A raiva da Argélia contra o governo espanhol tem duas vertentes. Por um lado, os termos da carta revelada pelo rei, que Moncloa se recusou a tornar pública, são um grande aval às teses diplomáticas marroquinas. "A Espanha fez quase o mesmo que Donald Trump porque só um país soberano pode conceder autonomia a uma parte do seu território", comenta um diplomata espanhol com experiência no Magrebe.

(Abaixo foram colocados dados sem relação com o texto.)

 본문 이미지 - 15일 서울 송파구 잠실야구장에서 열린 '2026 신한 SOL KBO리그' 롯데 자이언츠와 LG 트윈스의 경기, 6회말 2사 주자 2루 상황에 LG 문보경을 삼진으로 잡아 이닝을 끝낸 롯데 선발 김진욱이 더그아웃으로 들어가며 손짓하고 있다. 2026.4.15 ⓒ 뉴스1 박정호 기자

Por outro lado, a Argélia não foi informada das intenções da Espanha, e as suas mais altas autoridades só foram informadas através da imprensa. "Em momento algum Albares [ministro dos negócios estrangeiros] nos informou que o presidente espanhol tinha enviado esta carta ao rei de Marrocos", diz um diplomata argelino. "Pensávamos que a boa fé e a transparência governavam as nossas relações", acrescentou, desapontado.
O Ministério dos Negócios Estrangeiros e La Moncloa insistiram nas últimas 24 horas que Argel tinha sido informada com antecedência, sem quererem especificar quem o tinha feito ou através de que canal.

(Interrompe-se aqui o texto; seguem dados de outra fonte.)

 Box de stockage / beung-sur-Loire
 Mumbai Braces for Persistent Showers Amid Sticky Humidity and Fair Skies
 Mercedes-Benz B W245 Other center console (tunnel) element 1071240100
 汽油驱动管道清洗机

Esta falta de comunicação com Argel é tanto mais incompreensível quanto há apenas quinze dias o Presidente Pedro Sánchez telefonou ao Chefe de Estado argelino, Abdelmajid Tebboune, para lhe agradecer o seu empenho em continuar a fornecer gás a Espanha após o encerramento em outubro do gasoduto Magrebe-Europa que passava por Marrocos e que desembocava perto de Tarifa (Cádiz).
Resta saber se a raiva da Argélia contra Espanha irá para além da mera retirada do embaixador. O receio é que a Argélia cancele antecipadamente alguns dos seus contratos de gás com a Espanha, algo que aos olhos da diplomacia espanhola parece altamente improvável. No início do ano, a Argélia deixou surpreendentemente de ser o principal fornecedor de gás de Espanha, tendo sido ultrapassada por pouco pelos EUA.